→ To do: Beginning with the line containing "Der Studiengang Wirtschaftsinformatik" and ending at the last line of the data, set down every line exactly, leaving out all pictures.
=====
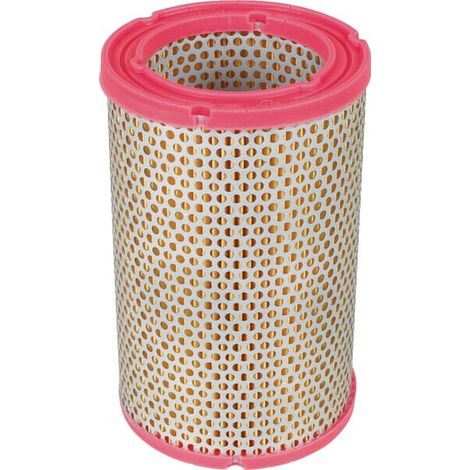 Filtre à air MANN-FILTER C1134 (1/2)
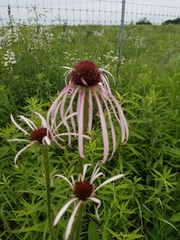 Echinacea pallida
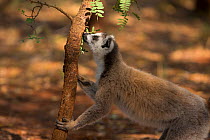 Ring-tailed lemur male (Lemur catta) scent marking tree, Berenty Reserve, Madagascar.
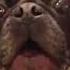I Woof You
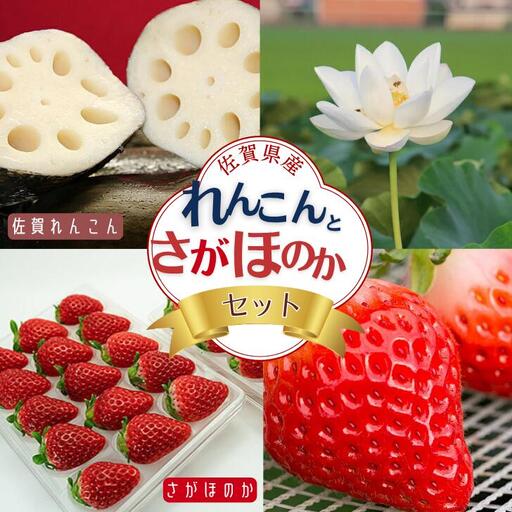 【2027年発送】佐賀県産 れんこんとさがほのかのセット 苺 イチゴ 蓮根：B170-046
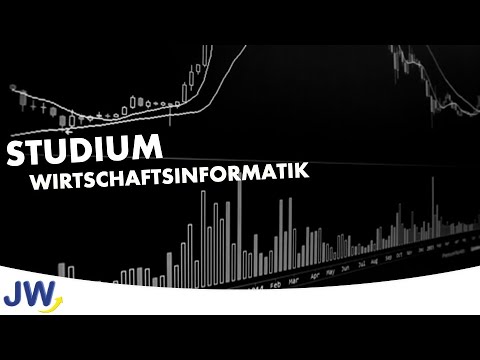 Der Studiengang Wirtschaftsinformatik im Überblick!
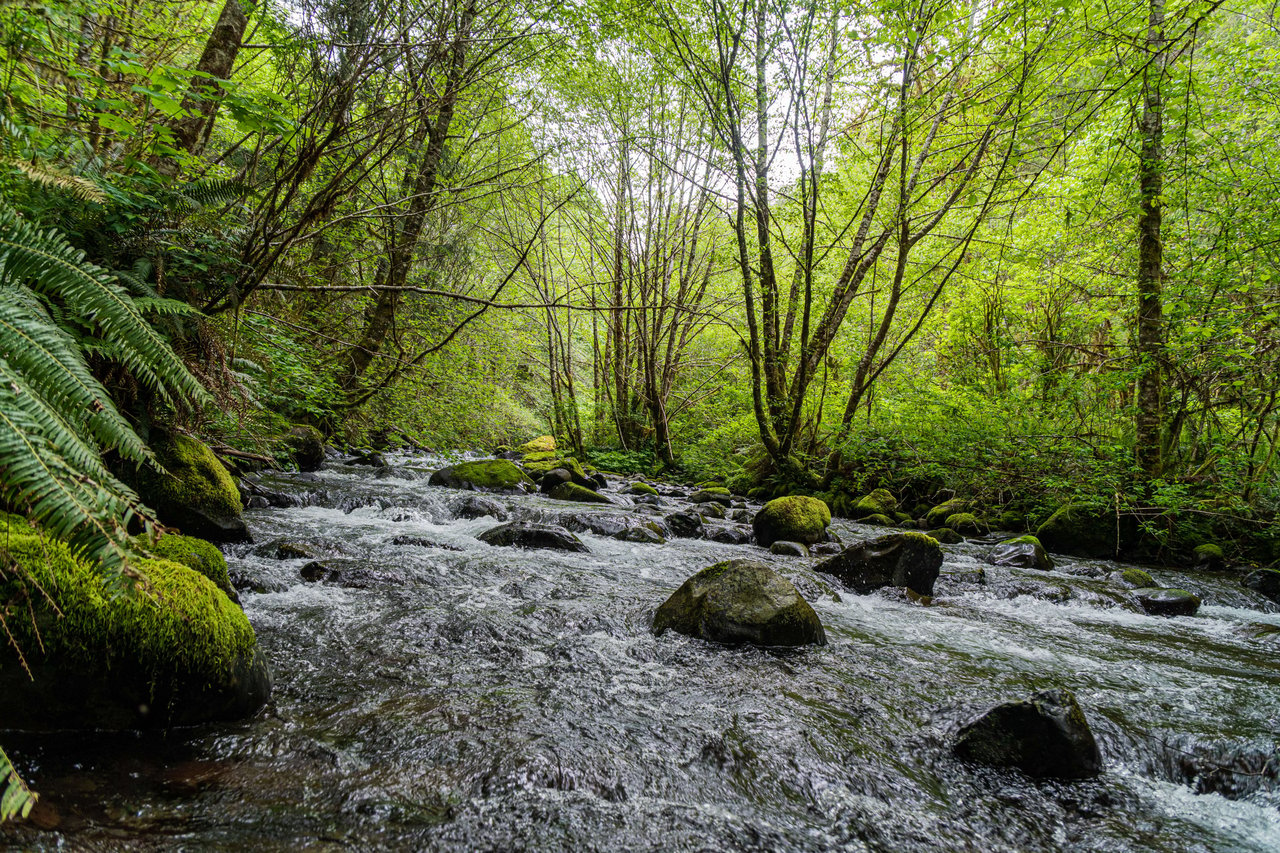 Three Rivers Conservation Project - Ensuring Roosevelt Elk Habitat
=====
→ Answer box:
 Der Studiengang Wirtschaftsinformatik im Überblick!
 Three Rivers Conservation Project - Ensuring Roosevelt Elk Habitat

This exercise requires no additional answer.